Beitragvon lavite-machine » Fr 19 Jul, 2013 19:56


Hallo cube, hallo finde,

danke für die eindrucksstarken Bilder. Hier noch ein paar Gedanken von meiner Seite: Der Text, im Grunde eine Aneinanderreihung, eine Verschachtelung, darin wiederum ein Bild, eine Struktur. Für mich ist die Welt/das Werk als Folge in diesem Text wie ein Gebäude - Baustein für Baustein durch Menschenhand auf- und auf- und aufgebaut, zubetoniert, zugepflastert, alles fest verankert, durch und durch, immer weiter, Baustelle um Baustelle, Maschinerie um Maschinerie. Das bildliche Schaffenswerk. Ohne Vollendung, geschweige denn geistigem Feinschliff. Der Mensch in der Destruktivität seines selbst, seiner Rastlosigkeit, Uneinsichtigkeit, seiner ziellosen Unvollendung im Außen.
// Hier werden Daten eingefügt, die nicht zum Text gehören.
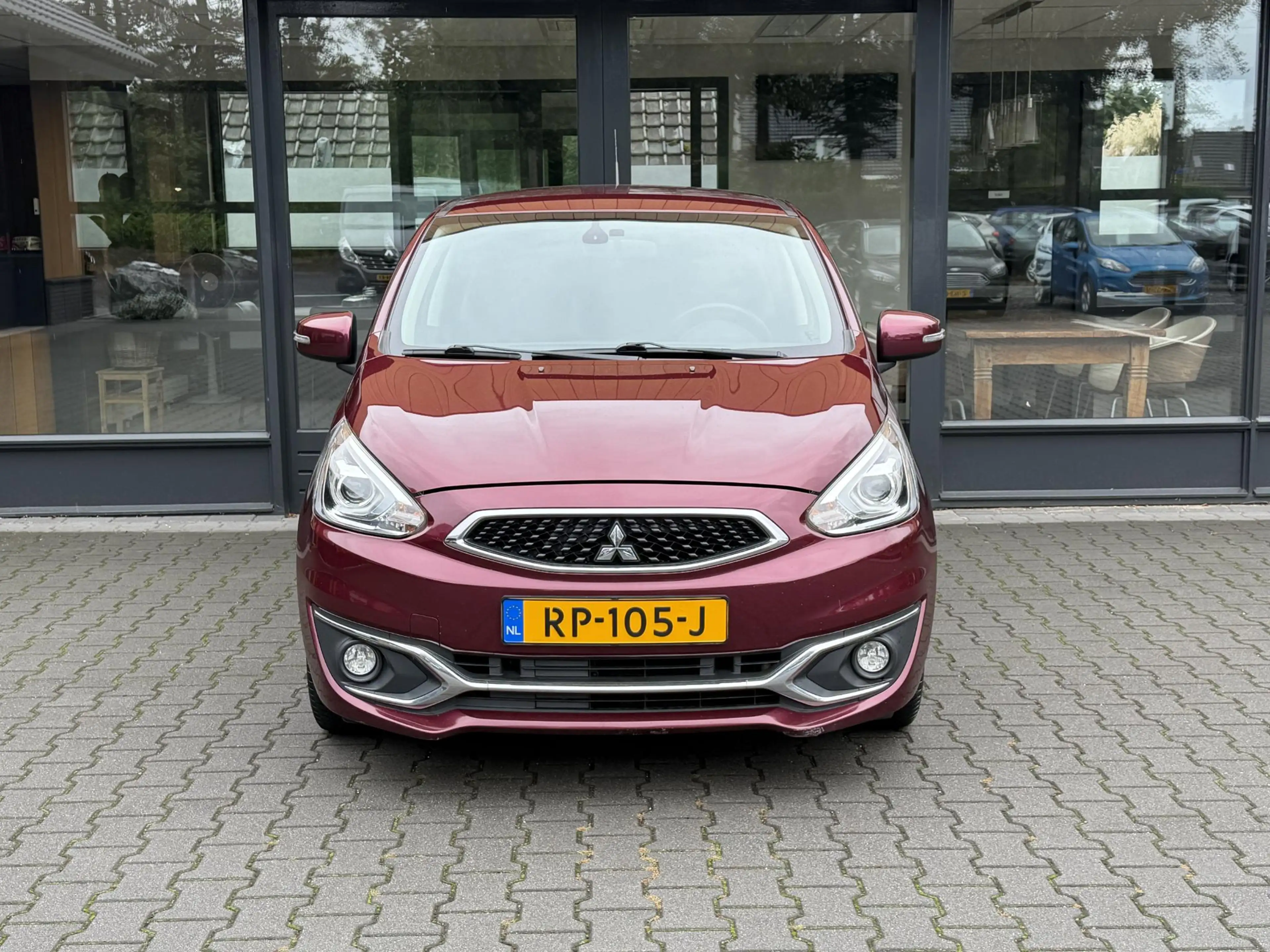 Mitsubishi Space Star 1.2 Instyle Apple Carplay, Cruise, PDC, Garantie — photo 12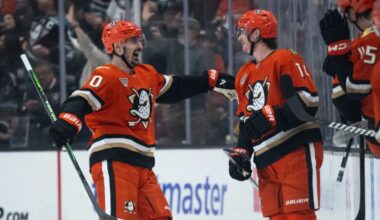 Anaheim Ducks vs Utah: Prediction for the Match on November 18, 2025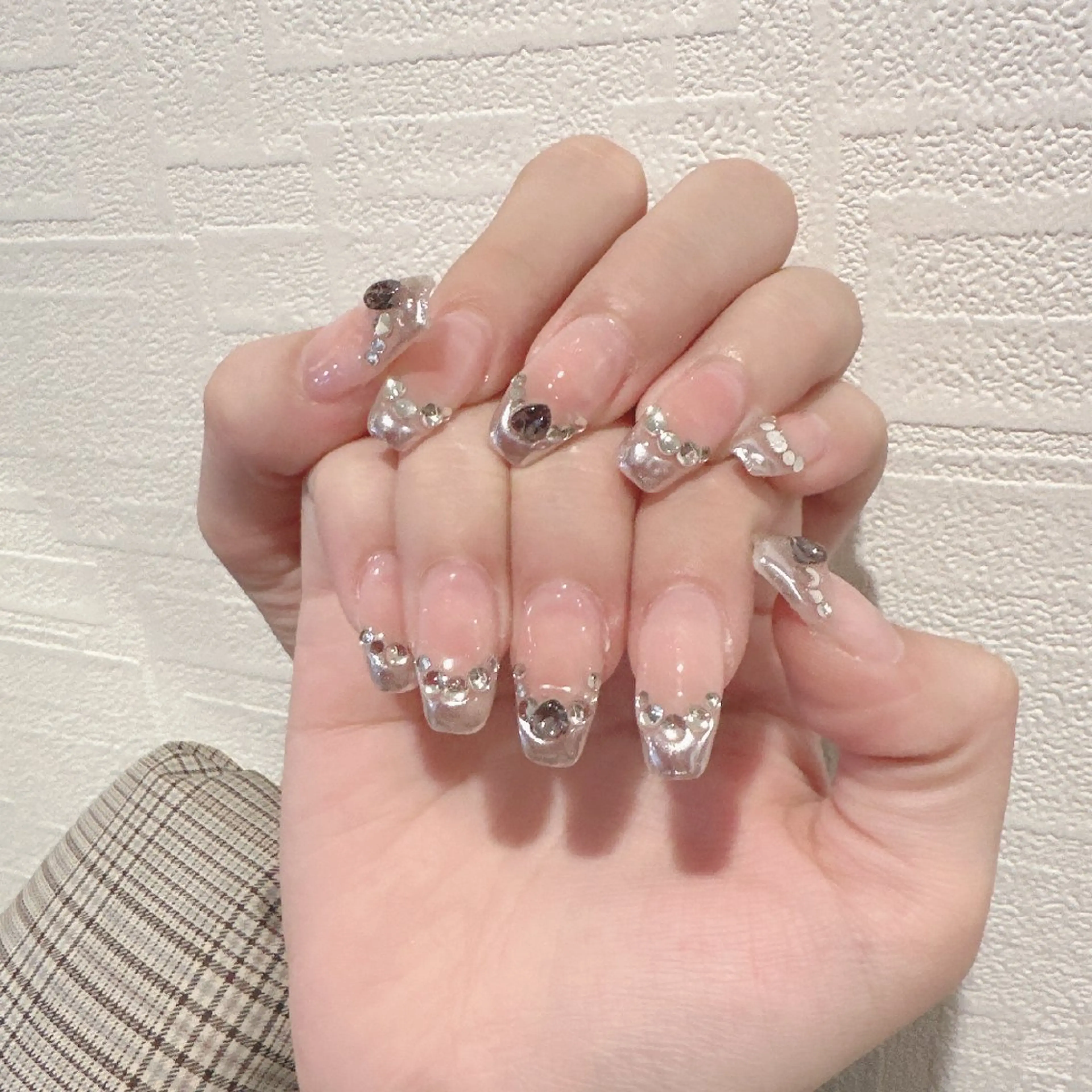 ネイル ハンドネイル スカルプ専門店 Ｄ-Beautyのネイルデザイン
Ja, im Grunde im gesamten Mensch-Sein verfehlt, alles über- und über- und überbaut, weiter im übertragenen Sinn die Gärten zu- und zu- und zugepflanzt, letzlich noch geschmacklos ausgeschmückt. Werteverlust im Gesamtbild, wenn man hinschaut; wenn man wegschaut, leider nur schwer im eigenen Daseins-Film zu erkennen.
Der Teil "dem Vorwands Willen aufgehalten"- sicher nur im Kontext greifbar. Ich hatte da ein Bild im Kopf; die Welt in ihrer ursprünglichen Daseins-Melodie quasi von der Konstruktion Mensch ziemlich schief mit Folgen gesungen.
Der Titel "Licht" darum, weil es in einem Gebäude als Kontrast lichte Momente gibt. So habe ich das bei dem Text vor Augen gehabt, Strahlen quer durch, Licht - schlicht, frei im Raum, ist da, von selbst. Anhaltspunkt zum Greifen nach vorn, Richtungsweiser zur Erkenntnis. End-lich und nur ist das Verstehen, "dagegen lehnt nichts einfach so". Nichts und alles. Das Licht.
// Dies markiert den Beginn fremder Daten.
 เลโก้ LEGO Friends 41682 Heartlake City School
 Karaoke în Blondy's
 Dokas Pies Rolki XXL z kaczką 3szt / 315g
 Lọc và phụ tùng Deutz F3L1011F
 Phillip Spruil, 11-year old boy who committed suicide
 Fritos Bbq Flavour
Gefallen mir wirklich sehr, Eure Bilder und Gedanken dazu. Habe jetzt Eure Beiträge zusammen beantwortet, ich hoffe, das gab kein Durcheinander.


Liebe Grüße

lavite-machine
Zuletzt geändert von lavite-machine am Fr 19 Jul, 2013 20:53, insgesamt 1-mal geändert.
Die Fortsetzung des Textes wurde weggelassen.